[Start of Attachment]

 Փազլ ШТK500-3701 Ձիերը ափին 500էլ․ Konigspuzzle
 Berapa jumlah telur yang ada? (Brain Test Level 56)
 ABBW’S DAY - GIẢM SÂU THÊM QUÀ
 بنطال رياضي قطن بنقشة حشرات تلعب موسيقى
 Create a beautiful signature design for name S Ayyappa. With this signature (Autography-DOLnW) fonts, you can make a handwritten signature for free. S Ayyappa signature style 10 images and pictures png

[End of Attachment]

TASK: Starting at the line with "بنطال رياضي قطن بنقشة حشرات تلعب موسيقى", print each remaining line of the listing above exactly as it appears.

SOLUTION TO THE EXERCISE:
 بنطال رياضي قطن بنقشة حشرات تلعب موسيقى
 Create a beautiful signature design for name S Ayyappa. With this signature (Autography-DOLnW) fonts, you can make a handwritten signature for free. S Ayyappa signature style 10 images and pictures png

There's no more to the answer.